Il y a beaucoup de changements, et ce, à plusieurs égards. Quand on m’a présenté Mediagrif, c’était une entreprise un peu vieillotte. Je connaissais l’entreprise et ses dirigeants depuis toujours. J’ai reçu l’appel d’un chasseur de têtes qui m’a expliqué que le conseil cherchait à transformer l’entreprise, à lui redonner un peu de «wow», à faire revenir la croissance ainsi que l’excitation des employés. Ça m’a intéressé parce que c’est ça que j’aime faire. Dans un premier temps, il fallait remotiver toute l’équipe.

Ensuite, les produits qui étaient sur le marché avaient besoin d’un petit coup de balai, d’être mis au goût du jour. En février 2020, on a déposé au conseil d’administration de l’entreprise un premier plan d’affaires, dans lequel on présentait une mission, une vision. Celle de l’entreprise datait de 20 ans. Donc, on a déterminé qu’on voulait être un employeur de choix, avoir de la reconnaissance technologique, atteindre certains chiffres d’affaires et un certain nombre d’employés. Presque instantanément, les gens ont embarqué avec nous. Cependant, le 13 mars 2020, on a eu de grosses surprises. Le plan a dû s’adapter parce qu’il était beaucoup trop gros. Toutefois, pour nous, la pandémie a plutôt été bonne et positive.

 

Vous utilisez l’expression «crise de la croissance»pour décrire ce que la pandémie a eu comme effet sur votre entreprise. Pourquoi?
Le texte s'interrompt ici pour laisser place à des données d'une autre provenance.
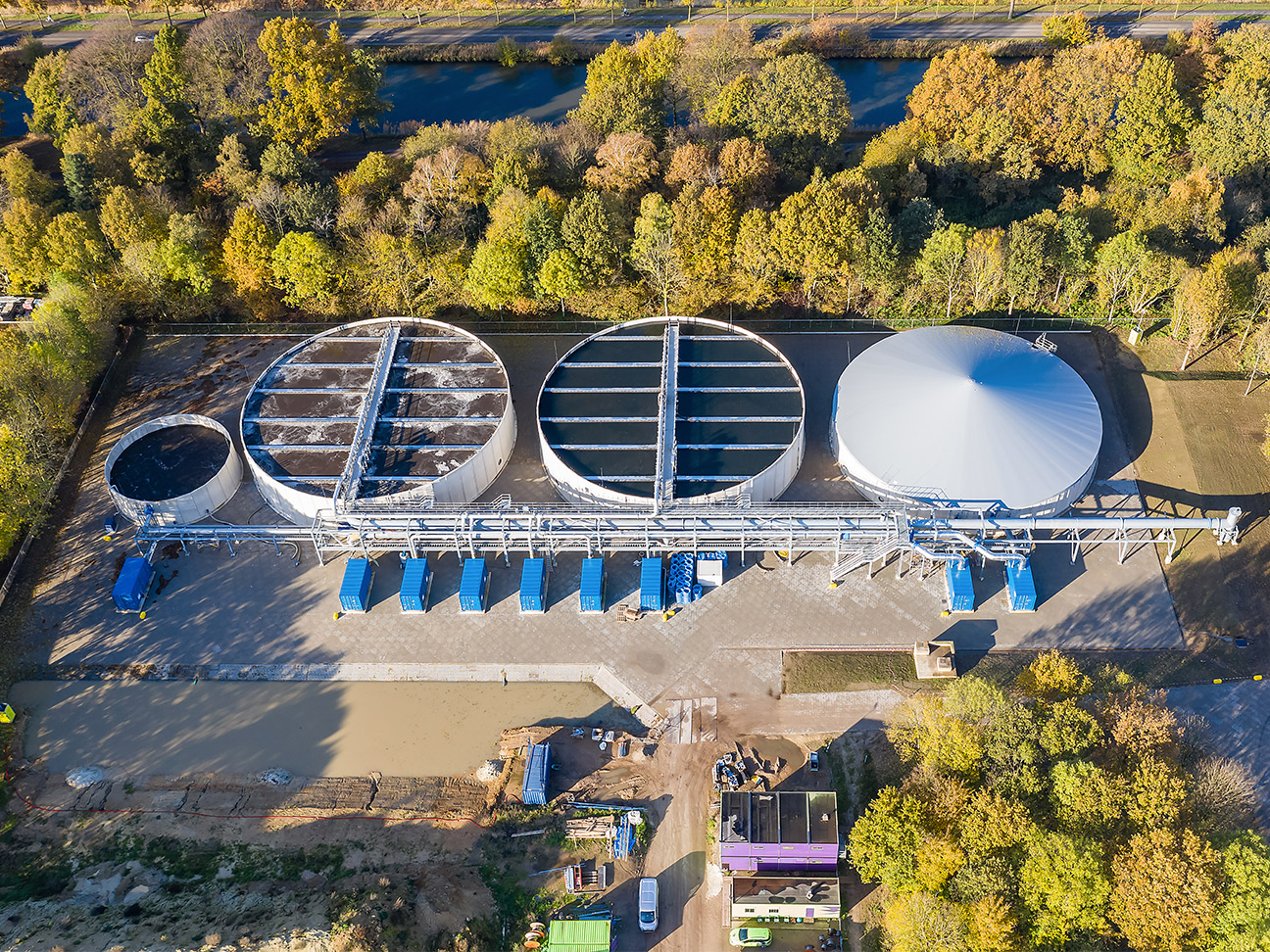 samenbouwthetbeterimg Samen bouwt het beter | Blog | RWB Water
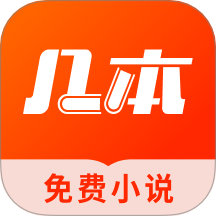 麦田影视最新破解版APP应用
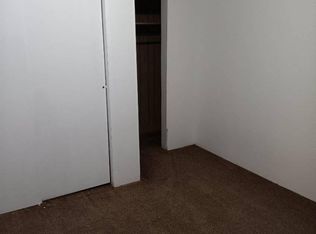 141 Sand St APT 4, Scranton, PA 18510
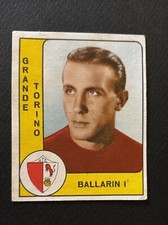 Figurina per album usato  Noceto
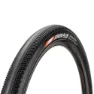 IRCtire Boken Plus 650b X 42 Steifer Gravelreifen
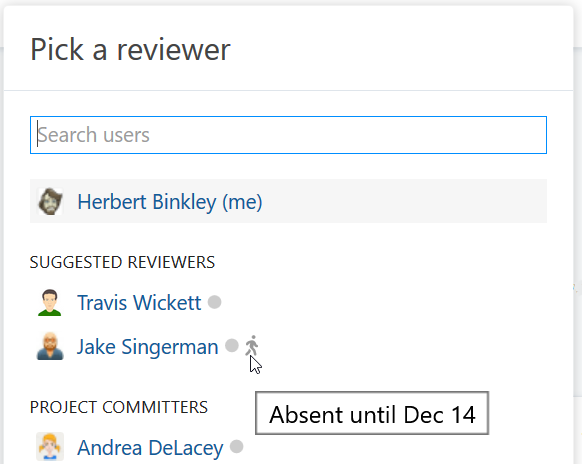 absent-reviewer.png absent-reviewer.png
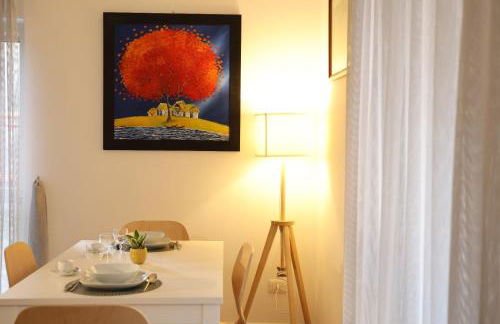 Casa Indipendente Via Belvedere 101 Napoli - Vomero - Foto 37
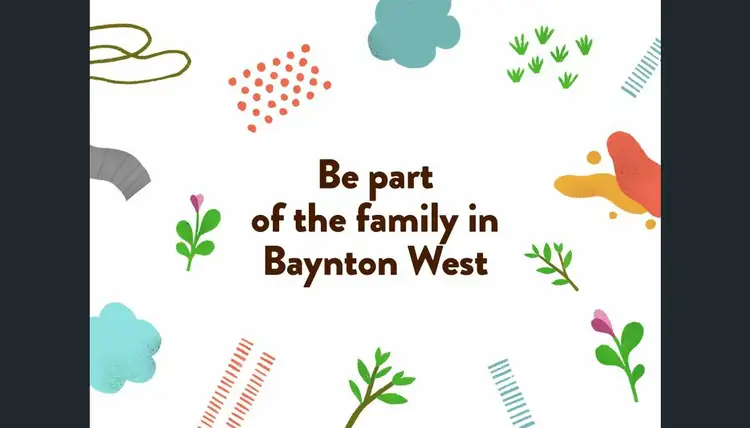 709 Nyamina Road, Baynton WA 6714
Quand je suis arrivé, on était environ 500 personnes. Un an et demi plus tard, on était de 300 à 400 de plus. Tout ce monde-là, on les avait recrutés en ligne. Donc, on a dû apprendre à les former à distance et à les faire travailler dans nos systèmes. Le bond de la demande qu’il y a eu pour nos produits était fou. On est dans l’industrie de l’épicerie en ligne, où c’était une affaire de survie [pendant la pandémie], donc la demande était très forte. On ne fournissait plus et on avait de la difficulté à trouver du personnel. Malgré toute la croissance qu’on avait eue, on avait plus de 100 postes vacants. Donc, c’était vraiment une crise de croissance.

 

Le 17 avril dernier, vous avez annoncé le congédiement d’une quarantaine de personnes. Qu’est-ce qui vous a amené, dans le contexte actuel, à prendre une décision aussi difficile?

C’est le bout du travail de leader qui n’est jamais agréable. C’est de dernier recours. Pourquoi on s’est rendu là? La demande a baissé énormément. Nos produits ne sont pas moins bons et nos clients ne sont pas fâchés avec nous, mais la demande a baissé parce qu’en contexte de postpandémie, les gens qui faisaient leur épicerie en ligne sont retournés l’acheter au magasin.

L’épicerie a subi rapidement un ralentissement et nos volumes d’affaires sont proportionnels à ce qui se vend sur les sites qu’on opère. Ce qu’on fait en approvisionnement gouvernemental a subi un peu la même situation, c’est-à-dire que [pendant la pandémie] plusieurs nouvelles entreprises cherchaient à vendre au gouvernement [leurs services]. Toutefois, quand la pandémie a commencé à ralentir, ces mêmes entreprises ont commencé à retrouver leurs marchés réguliers. Ainsi, de manière graduelle, nos volumes sont revenus à la norme. On a quand même plus que ce qu’on avait avant la pandémie, mais on n’était plus capables de justifier qu’on garde autant de personnel, surtout dans un environnement économique un petit peu incertain.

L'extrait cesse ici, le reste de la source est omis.